Exercise objective:
From the entries below, retype only the lines from the one with "When I Can't" through the one with "Божественная литургия в", exactly as written.

Material supplied:

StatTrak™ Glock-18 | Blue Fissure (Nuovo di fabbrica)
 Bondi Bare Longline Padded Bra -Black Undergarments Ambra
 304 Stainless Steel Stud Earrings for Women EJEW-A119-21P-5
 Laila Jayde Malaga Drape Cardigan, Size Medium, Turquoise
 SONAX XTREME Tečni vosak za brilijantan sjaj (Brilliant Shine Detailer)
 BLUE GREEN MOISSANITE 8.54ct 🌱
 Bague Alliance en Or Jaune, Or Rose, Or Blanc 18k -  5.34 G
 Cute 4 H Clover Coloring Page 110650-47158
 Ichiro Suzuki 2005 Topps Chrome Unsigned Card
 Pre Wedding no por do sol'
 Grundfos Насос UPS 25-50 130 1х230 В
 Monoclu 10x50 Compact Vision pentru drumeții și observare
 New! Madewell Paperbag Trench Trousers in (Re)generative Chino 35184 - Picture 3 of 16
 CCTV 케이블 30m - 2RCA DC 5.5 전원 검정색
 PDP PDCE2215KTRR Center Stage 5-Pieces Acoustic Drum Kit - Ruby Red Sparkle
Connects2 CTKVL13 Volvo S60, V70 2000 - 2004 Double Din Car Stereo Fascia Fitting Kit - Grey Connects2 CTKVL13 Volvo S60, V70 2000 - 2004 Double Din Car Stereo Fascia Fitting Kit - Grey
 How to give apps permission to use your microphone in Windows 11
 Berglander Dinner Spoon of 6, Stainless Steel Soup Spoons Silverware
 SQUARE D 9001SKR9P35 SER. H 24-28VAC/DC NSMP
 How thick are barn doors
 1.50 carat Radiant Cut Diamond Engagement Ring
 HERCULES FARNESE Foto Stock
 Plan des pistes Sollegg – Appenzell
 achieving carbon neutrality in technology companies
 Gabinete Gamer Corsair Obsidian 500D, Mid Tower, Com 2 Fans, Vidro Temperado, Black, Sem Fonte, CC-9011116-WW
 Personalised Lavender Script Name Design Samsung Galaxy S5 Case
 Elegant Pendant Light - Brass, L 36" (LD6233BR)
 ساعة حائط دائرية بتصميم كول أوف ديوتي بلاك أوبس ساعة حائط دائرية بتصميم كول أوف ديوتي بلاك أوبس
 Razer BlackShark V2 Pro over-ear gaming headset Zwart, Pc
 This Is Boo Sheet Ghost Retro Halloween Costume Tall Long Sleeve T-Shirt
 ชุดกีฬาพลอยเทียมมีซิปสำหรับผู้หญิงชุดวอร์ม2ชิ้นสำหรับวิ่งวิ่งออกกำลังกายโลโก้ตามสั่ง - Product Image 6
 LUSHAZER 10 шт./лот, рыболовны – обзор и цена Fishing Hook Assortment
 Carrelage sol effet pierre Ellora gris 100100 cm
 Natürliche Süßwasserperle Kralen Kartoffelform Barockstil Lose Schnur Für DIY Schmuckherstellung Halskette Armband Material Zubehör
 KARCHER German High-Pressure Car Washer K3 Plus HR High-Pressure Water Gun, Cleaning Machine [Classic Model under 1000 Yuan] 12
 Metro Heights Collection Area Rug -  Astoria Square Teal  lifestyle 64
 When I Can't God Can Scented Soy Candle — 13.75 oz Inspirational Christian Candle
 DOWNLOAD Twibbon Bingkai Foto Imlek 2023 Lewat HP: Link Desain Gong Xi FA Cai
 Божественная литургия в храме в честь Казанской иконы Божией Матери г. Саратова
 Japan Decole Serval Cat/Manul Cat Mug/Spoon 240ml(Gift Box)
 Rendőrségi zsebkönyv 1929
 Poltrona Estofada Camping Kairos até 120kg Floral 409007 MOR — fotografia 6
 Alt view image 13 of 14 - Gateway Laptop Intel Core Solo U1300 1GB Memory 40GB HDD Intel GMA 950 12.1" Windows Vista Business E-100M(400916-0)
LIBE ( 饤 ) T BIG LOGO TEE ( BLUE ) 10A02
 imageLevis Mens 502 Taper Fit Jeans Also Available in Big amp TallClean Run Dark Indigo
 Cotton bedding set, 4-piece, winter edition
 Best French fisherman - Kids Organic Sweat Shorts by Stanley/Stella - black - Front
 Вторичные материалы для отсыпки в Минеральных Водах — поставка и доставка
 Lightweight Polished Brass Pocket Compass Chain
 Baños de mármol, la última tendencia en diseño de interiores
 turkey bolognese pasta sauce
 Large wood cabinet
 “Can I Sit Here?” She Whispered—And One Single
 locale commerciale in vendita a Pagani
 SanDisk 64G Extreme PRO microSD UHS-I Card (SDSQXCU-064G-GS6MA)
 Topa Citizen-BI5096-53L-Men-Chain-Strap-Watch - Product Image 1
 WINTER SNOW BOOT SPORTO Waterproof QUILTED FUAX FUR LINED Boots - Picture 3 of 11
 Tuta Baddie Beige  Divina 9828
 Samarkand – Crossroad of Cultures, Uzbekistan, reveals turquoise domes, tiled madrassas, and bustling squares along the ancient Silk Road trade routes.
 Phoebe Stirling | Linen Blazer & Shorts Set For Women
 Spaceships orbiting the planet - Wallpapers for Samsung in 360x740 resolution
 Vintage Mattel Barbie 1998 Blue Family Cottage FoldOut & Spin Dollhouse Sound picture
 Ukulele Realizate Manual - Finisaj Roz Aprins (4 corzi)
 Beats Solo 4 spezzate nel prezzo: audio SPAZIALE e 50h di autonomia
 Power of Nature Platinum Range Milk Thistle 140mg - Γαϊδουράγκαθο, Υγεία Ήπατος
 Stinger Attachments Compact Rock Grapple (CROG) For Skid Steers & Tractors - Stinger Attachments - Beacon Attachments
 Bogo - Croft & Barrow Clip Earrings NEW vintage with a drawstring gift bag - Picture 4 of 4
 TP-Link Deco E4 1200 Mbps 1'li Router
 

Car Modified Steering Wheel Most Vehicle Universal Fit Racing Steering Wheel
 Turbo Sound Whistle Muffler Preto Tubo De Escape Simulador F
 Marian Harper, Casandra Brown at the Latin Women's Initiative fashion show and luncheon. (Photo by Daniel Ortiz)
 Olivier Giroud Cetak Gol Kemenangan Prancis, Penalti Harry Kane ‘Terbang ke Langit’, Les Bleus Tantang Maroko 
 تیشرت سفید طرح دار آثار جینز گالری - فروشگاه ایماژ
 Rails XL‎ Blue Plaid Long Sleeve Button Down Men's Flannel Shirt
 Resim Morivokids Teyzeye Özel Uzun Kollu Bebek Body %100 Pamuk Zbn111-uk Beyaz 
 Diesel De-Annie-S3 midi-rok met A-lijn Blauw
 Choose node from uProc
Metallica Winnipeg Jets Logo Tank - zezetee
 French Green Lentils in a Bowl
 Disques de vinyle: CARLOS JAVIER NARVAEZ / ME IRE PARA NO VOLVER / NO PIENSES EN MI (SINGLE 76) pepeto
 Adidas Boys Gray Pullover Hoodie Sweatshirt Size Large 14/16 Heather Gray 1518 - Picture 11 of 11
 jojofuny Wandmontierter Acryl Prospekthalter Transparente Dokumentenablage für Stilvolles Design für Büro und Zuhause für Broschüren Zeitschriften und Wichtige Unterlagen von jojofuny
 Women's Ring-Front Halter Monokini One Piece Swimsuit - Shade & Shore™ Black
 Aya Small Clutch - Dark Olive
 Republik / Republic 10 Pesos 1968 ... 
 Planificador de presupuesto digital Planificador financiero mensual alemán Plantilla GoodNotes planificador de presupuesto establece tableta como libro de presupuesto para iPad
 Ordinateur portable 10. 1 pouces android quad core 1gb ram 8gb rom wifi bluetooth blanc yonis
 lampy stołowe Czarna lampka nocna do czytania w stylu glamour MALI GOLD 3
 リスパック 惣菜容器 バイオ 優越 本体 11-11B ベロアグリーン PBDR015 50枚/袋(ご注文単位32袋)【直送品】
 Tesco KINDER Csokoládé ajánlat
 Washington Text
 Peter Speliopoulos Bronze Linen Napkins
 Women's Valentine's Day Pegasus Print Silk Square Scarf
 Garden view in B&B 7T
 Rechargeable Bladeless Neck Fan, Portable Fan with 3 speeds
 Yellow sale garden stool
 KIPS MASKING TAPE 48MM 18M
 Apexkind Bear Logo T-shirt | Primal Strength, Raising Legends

Exercise answer:
 When I Can't God Can Scented Soy Candle — 13.75 oz Inspirational Christian Candle
 DOWNLOAD Twibbon Bingkai Foto Imlek 2023 Lewat HP: Link Desain Gong Xi FA Cai
 Божественная литургия в храме в честь Казанской иконы Божией Матери г. Саратова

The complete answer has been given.